◆ What needs to be done
Every line from the one with "Logo von Max" through the final line of the data below goes in the answer, copied exactly. Pictures do not.

↓↓↓

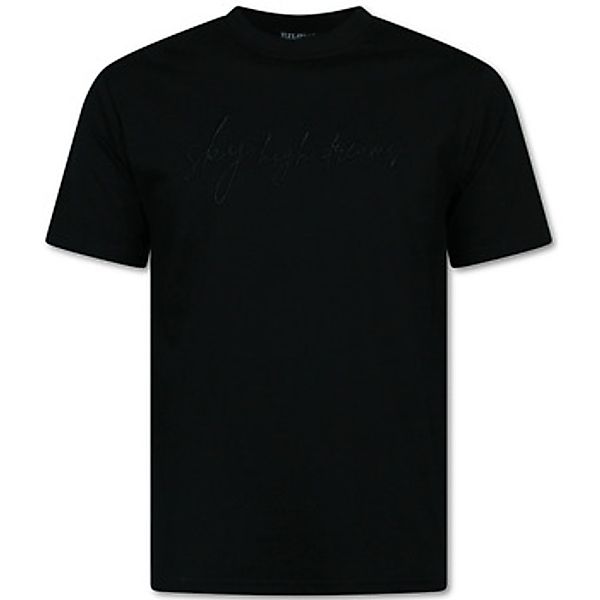 Top Star  T-Shirt Mit Aufdruck Lustig Oversized günstig online kaufen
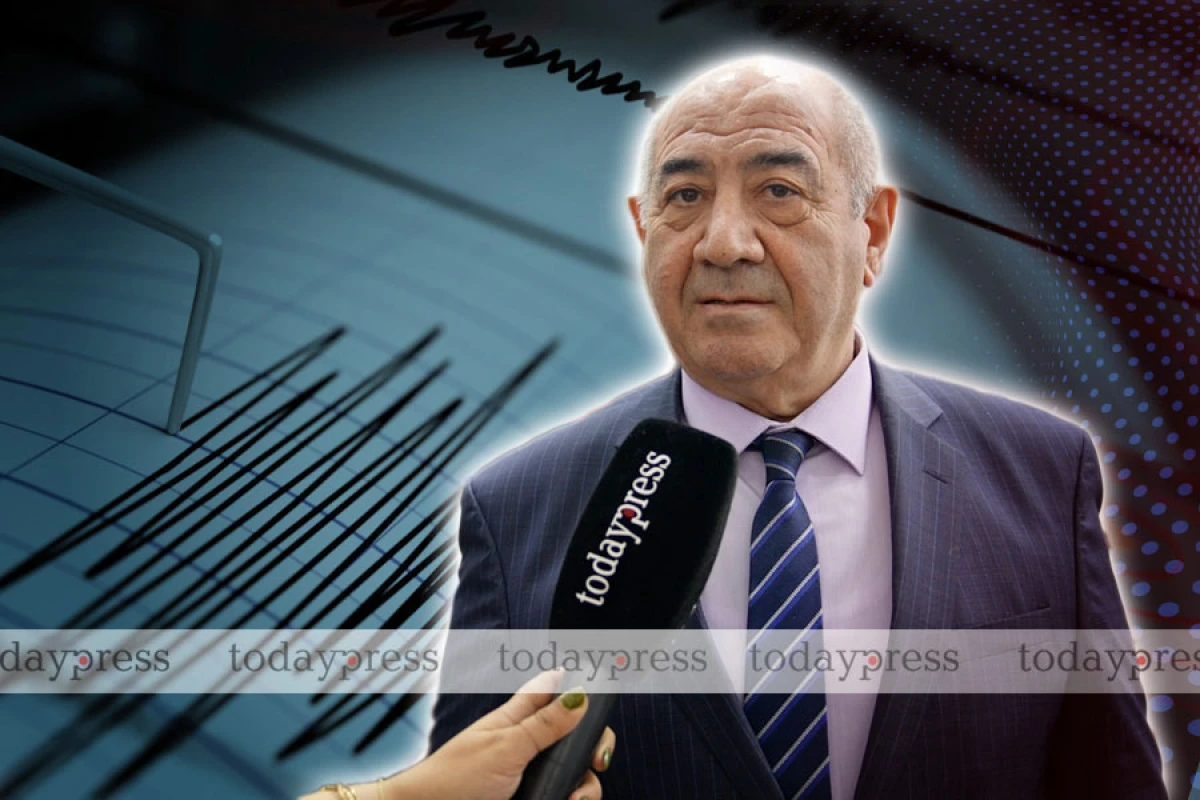 Azərbaycanda güclü zəlzələ gözlənilir? - RƏSMİ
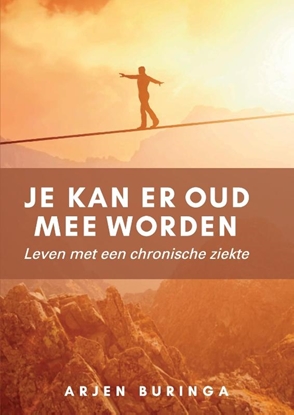 Afbeeldingen van Je kan er oud mee worden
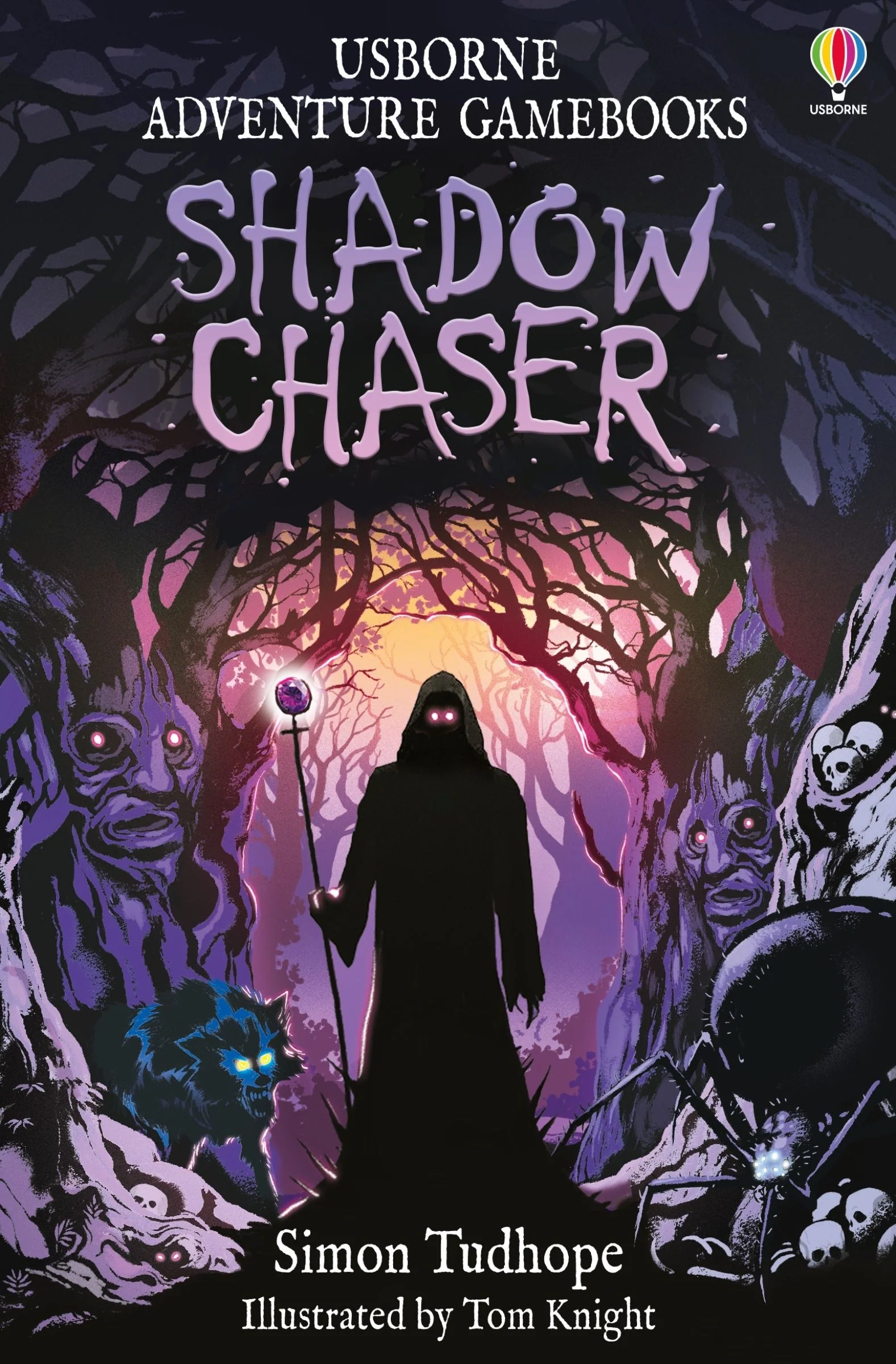Shadow Chaser - Image 2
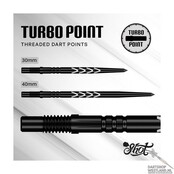 Michael Smith Turbo Dart Points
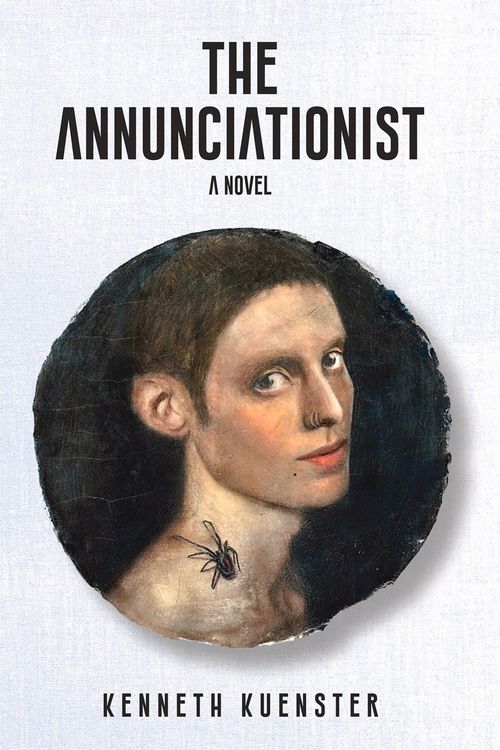 Produktbild: The Annunciationist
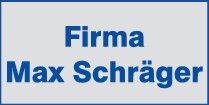 Logo von Max Schräger Bau- und Brennstoffhandel e.K.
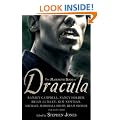 The Mammoth Book of Dracula (Mammoth Books)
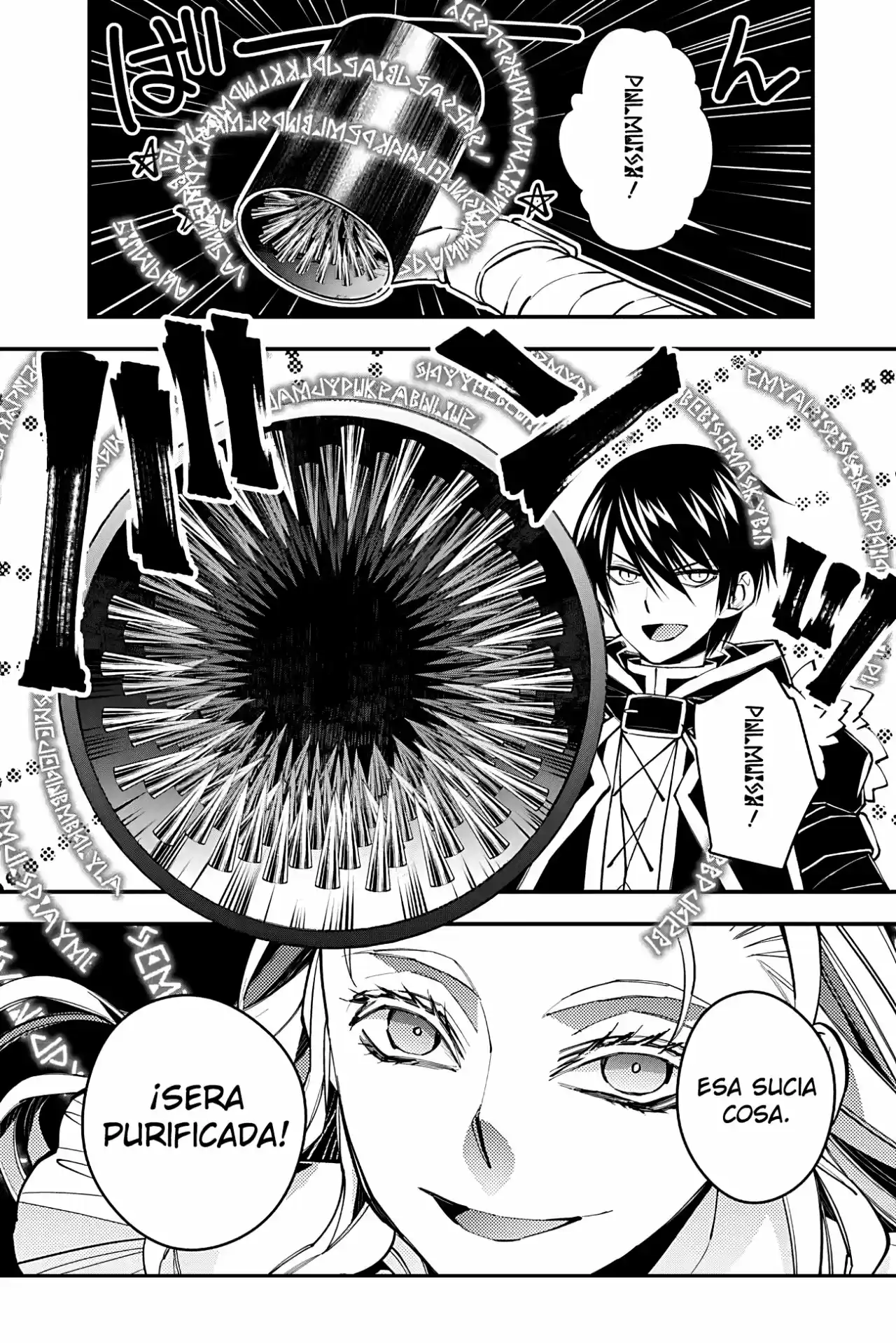 Fukushuu o Koinegau Saikyou Yuusha wa, Yami no Chikara de Senmetsu Musou Suru (2019) - Capítulo 45 - Página 24 - LectorTMOo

↑↑↑

◆ Solution for this exercise
 Logo von Max Schräger Bau- und Brennstoffhandel e.K.
 The Mammoth Book of Dracula (Mammoth Books)
 Fukushuu o Koinegau Saikyou Yuusha wa, Yami no Chikara de Senmetsu Musou Suru (2019) - Capítulo 45 - Página 24 - LectorTMOo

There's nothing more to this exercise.